(Collection entries)
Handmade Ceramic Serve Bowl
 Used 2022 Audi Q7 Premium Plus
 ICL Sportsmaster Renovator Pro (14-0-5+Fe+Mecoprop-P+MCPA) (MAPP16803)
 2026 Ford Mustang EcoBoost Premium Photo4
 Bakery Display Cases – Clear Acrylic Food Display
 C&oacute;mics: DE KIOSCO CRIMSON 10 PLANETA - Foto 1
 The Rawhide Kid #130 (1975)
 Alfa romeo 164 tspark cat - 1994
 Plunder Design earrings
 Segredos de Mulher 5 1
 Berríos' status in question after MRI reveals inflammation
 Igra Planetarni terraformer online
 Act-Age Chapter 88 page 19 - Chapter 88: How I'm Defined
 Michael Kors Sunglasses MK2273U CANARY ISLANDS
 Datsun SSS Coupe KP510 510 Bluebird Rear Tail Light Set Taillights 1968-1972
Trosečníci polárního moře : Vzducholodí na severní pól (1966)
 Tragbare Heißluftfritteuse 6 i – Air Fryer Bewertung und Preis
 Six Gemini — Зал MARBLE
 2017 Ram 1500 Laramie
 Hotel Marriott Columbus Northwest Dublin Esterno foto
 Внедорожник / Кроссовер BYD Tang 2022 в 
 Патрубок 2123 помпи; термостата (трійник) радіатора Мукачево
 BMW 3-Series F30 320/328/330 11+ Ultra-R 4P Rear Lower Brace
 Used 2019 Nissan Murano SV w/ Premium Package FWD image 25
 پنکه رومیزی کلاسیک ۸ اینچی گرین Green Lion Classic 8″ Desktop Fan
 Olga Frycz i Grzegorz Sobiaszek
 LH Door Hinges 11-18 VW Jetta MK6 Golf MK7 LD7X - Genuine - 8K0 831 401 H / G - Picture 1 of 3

**WHAT TO DO:** Among the records above, find the lines that contain "Rear" and copy every one.

**SOLUTION TO THE PROBLEM:**
 Datsun SSS Coupe KP510 510 Bluebird Rear Tail Light Set Taillights 1968-1972
 BMW 3-Series F30 320/328/330 11+ Ultra-R 4P Rear Lower Brace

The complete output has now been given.